Clustering by the CFG and the DFG would require measuring two pairwise graph edit distances over the full dataset. These are complex operations whose computational cost grows exponentially on the graphs and dataset size. Therefore, our approach is rather feature-based. We derive a feature vector composed of numeric values calculated from the characteristics of both graphs, CFG and DFG. This vector contains 11 features, namely: connected_components, the number of connected components in the control flow graph (i.e., being an intra-procedural representation, the multiple procedures have no connection in the graph); loop_statements, the number of loop statements (e.g., for, foreach, while, and do... while) in the program; conditional_statements, the number of conditional statements (e.g., if) in the program; cycles, the number of different cycles in the control flow graph; paths, the number of different paths in the control flow graph; cyclomatic_complexity, a software metric that measures the complexity of a program by analyzing its control flow (i.e., it provides a quantitative measure of the number of possible execution paths in the program); variable_count, the number of variables used in the program, excluding variables which are never read; total_reads, the total number of read operations on variables; total_writes, the total number of write operations on variables; max_reads, the maximum number of read operations on single variable; and max_writes, the maximum number of write operations on single variable. Table 1 summarizes the features of the model.

As the order of execution of instructions has the most relevance in the algorithmic strategy of the solution, we decided to split the weight of the data flow features. Among these, the variable_count weighs more, as the others are dependent on it by definition. The summed weight of all these features is the same as that of a single control flow feature. Moreover, we have scaled the data so that it has zero mean and unit variance. For that, running means and variances are maintained for each feature. Even though, for being incremental, the exact means and variances are not known in advance, this does not have a detrimental impact in the long term.
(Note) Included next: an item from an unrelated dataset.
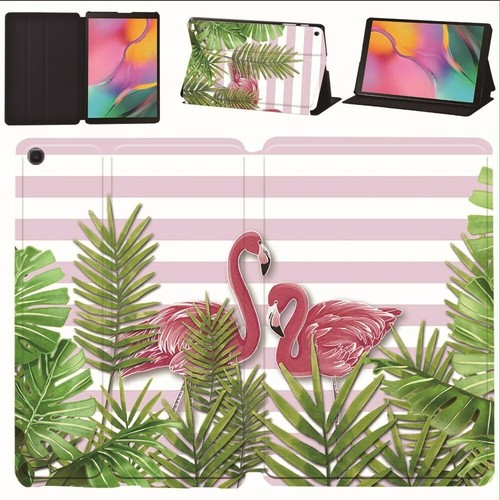Housse de support plumes pour Samsung Galaxy Tab A 10,1" T510 / Tab A 10,1" T580 - Photo 29/57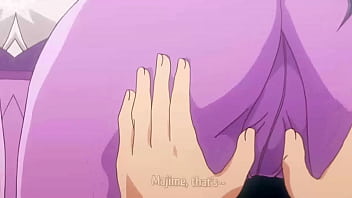 Hot Busty Anime Chick Gets Fucked By Guy While Listening To Pink Guy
Table 1 Features of the model

Having a high number of features in the model makes it more difficult to manage and may even add noise, as some of these features can be redundant. To prevent this, the correlation of the 11 features of our model has been measured using Pearson’s correlation coefficient [23] on the 16 programming exercises of PROGpedia dataset [36]. The correlation coefficient has values from \(-1\) to 1: A value closer to 0 implies weaker correlation (i.e., 0 is no correlation); a value closer to 1 means stronger positive correlation; and a value closer to \(-1\) implies stronger negative correlation. Each programming exercise is analyzed separately and casts a vote on pairs with a correlation above 0.9. For pairs with half or more of the total votes, a member is eliminated. Nevertheless, in this case, no correlated pair has been identified with these conditions.

4.2 Clustering model

The values of the final feature vector are given as input to the k-means clustering algorithm implemented (see Subsection 3.4). This specific implementation starts by randomly instantiating k centroids, according to a Gaussian distribution. The value of k is the main hyper-parameter of the model and sets the limit on the number of formed clusters. As the goal is to have as many clusters as the number of algorithmic solution strategies, an adequate value would be greater or equal to the expected count of different strategies. We have limited the maximum amount of clusters to 16 as the possibility of an academic-level programming assignment having more than 16 algorithmic solution strategies can be neglected. Nevertheless, this value can be defined explicitly, per assignment.

Given a new submission, more precisely the feature vector extracted from it, we first identify the closest centroid. This is done by measuring the distance from the new observation to each centroid, using a certain distance metric, and selecting the minimum of these distances. In this case, we tried the Manhattan distance, Euclidean distance, and cosine distance in two sets of submissions to programming assignments with well-defined algorithmic solution strategies. The Euclidean distance revealed a lower average error index (0) than the Manhattan (0.3) and cosine (0.25) distances and, thus, was applied. After identifying the centroid (and cluster) to which the new observation belongs, the centroid’s position “moves” in the direction of the new element. The amount by which to move the centroid is a product of their scalar distance and the learning rate. The learning rate is the inverse of the number of solutions assigned to a cluster during the process, i.e., as the number of elements increases, the effect of new elements is reduced.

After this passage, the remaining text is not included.